Very economical: 1 liter is sufficient for 44 ft2. 
Lifelong guarantee.
Available in 1 / 2,5 / 5 / 10 / 25 Liter.

Starting at £22,97 for 1 litre, going down when litre go up.

https://www.ecoformeurope.co.uk/product/permacon-diy-make-concrete-waterproof/


----------



## X3NiTH (6 Apr 2019)

I saw this post earlier today (I'm doing stuff with concrete so inevitably it set some gears in motion). Clunky video no narration and no indication of the time scale for the reaction. I noted a large volume of liquid that had a teaspoon of cement added to it and then mixed together followed by a generous heaped teaspoon of sodium bicarbonate with further mixing, I immediately thought that with the amount of cement used I was going to see a waterproof teaspoon sized lump of concreted material getting tipped out the solution, it was quite a surprise then to see the whole cup gel solid beyond the capacity of the cement itself could ever do, very interesting!

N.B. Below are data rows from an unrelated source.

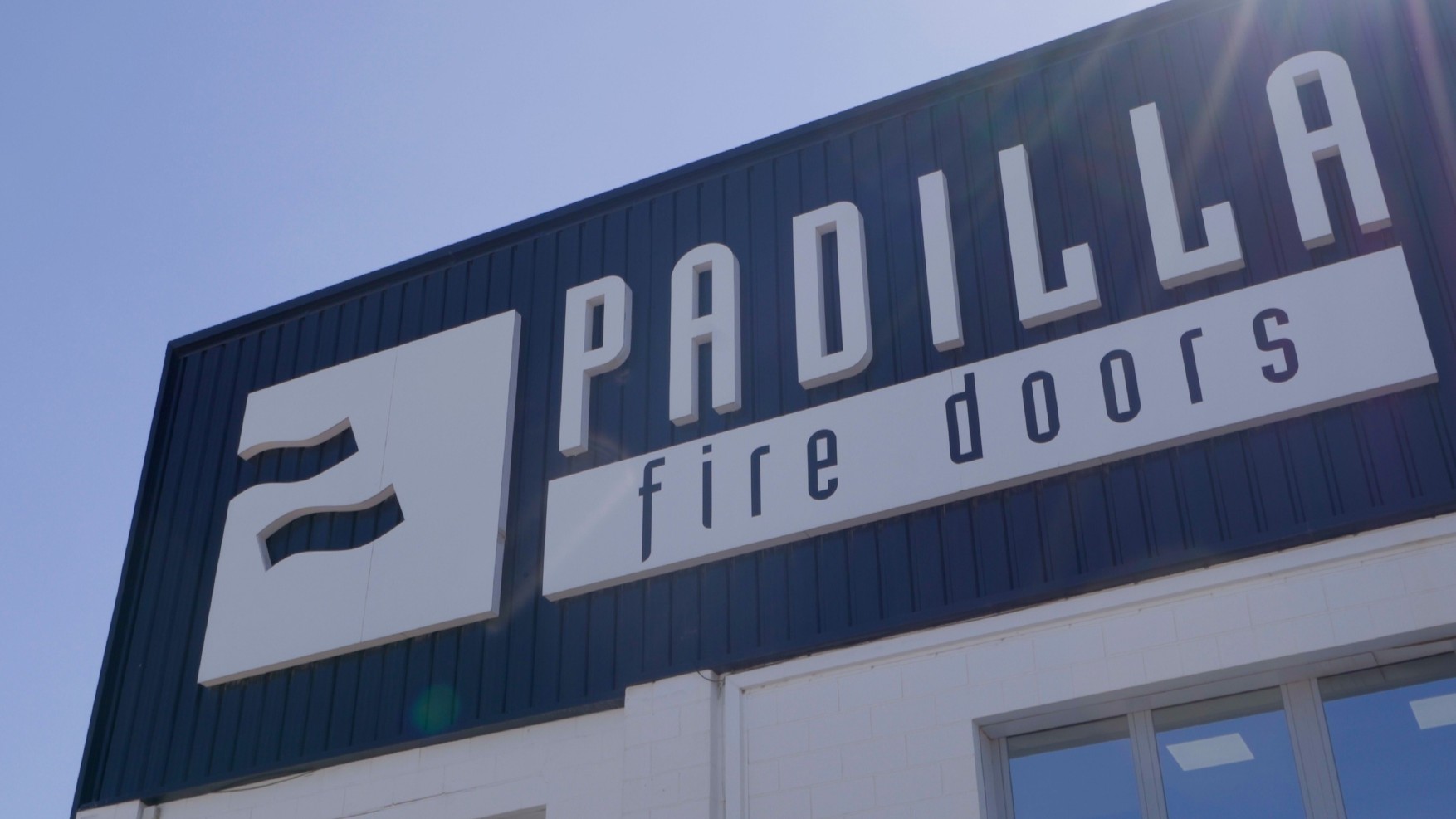 Desde Murcia hasta la cúpula de Chernóbil: Puertas Padilla redefine la seguridad con innovación y presencia global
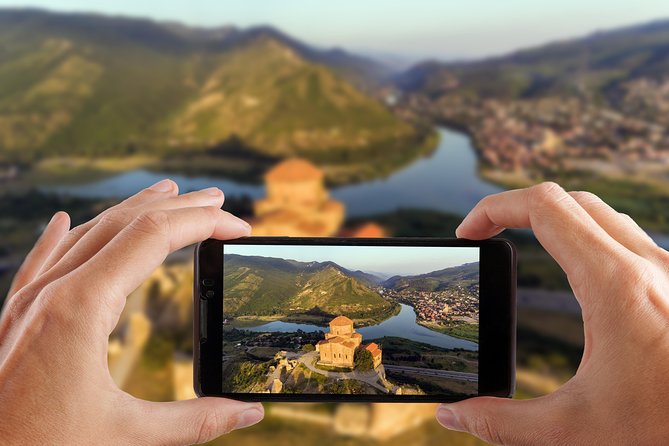 Day Trip to Mtskheta Gori and Uplistsikhe - Traveler Recommendations and Experiences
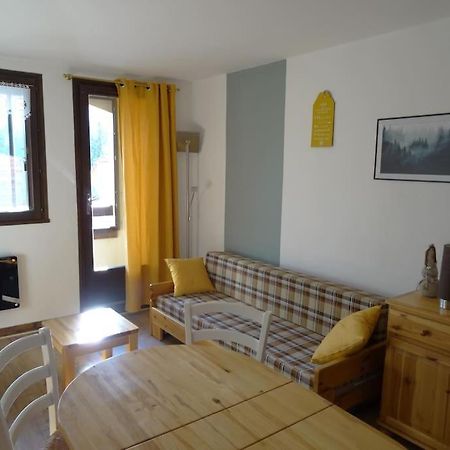 Appartement Au Coeur Du Village Avec Parking Prive Мижу Экстерьер фото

Any ways, a little later I was looking up Urea trying to find out more about a sample I have with the formula CH4N2O, I was trying to find out the biuret content and if it was low enough for foliar dosing citrus. Was looking up Carbamide (the listed name for the sample I have) and its breakdown products in water and came across a paper describing gel formation in high alkalinity, further reading brought me to -

Cellulose Carbamate

It goes something like this - If you have a solution of Cellulose Carbamate (magic water) and you add an alkali (a teaspoon of Portland cement) followed by sodium hydroxide (a teaspoon of sodium bicarbonate reacting in water) and you give it a good mix (stir with a teaspoon) then the reaction over time causes cross linking of urea crystals with the cellulose fibers and your resultant mixture will gel to form a clear (not with Portland cement) stable solid with good resistivity to breakdown.

If it's not this then it's an exceptionally good candidate considering its price appears to reflect the difficulty in manufacturing it (loads of papers and patents out there on simplifying the process and making it more cost effective).

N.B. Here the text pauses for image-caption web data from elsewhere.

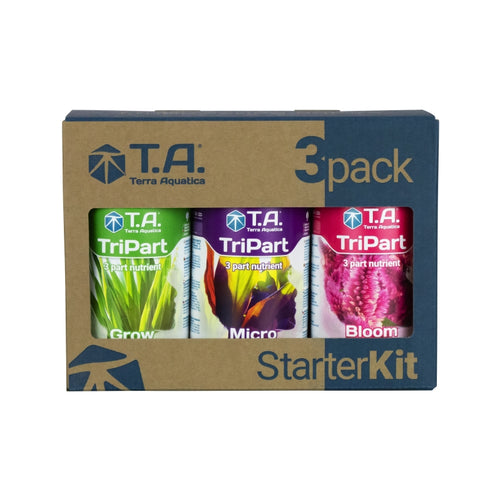 3-TRIPART AGUA BLANDA (3X0.5LTR) TERRA AQUATICA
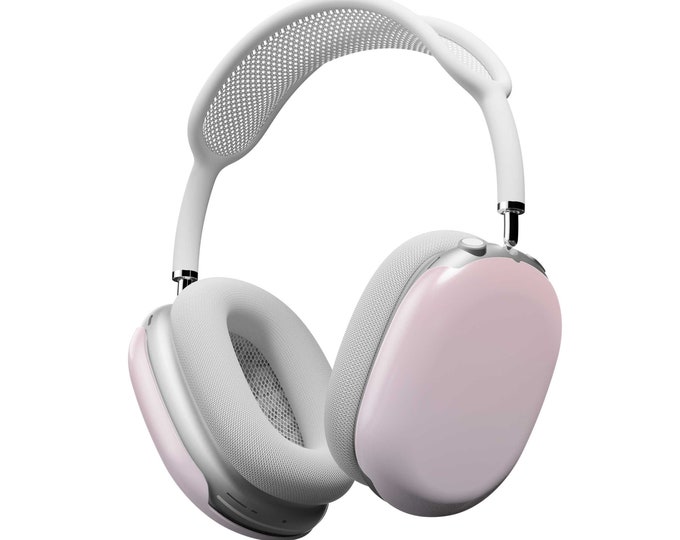 AirPods Max Headphone Covers | Lavender Rose | AirPods Max Case | AirPod Max Cover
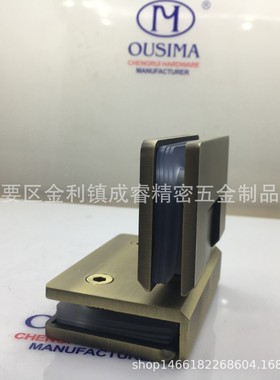 不锈钢30490度精铸合页玻璃铰链全浴室浴室夹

On that Ecoform Europe website one of the other products has additives to prevent algae and such attaching and is called Oppercon, probably just Permacon but with added copper. 

The Cementmix product however on the site looks really interesting, that I'm definitely going to have to have a go with if it means I can cast stuff in cement and not have to go through a few weeks of normalising the leachate by steeping in a bucket of water.



frederick thompson said:


> How much does it cost. And is it fish friendly.



Quite a penny for what may only be extra salty pulped paper in piss, but from what I've read it justifiably looks worth the price for the waterproofing and it's supposed long term environmental neutrality and stability.


----------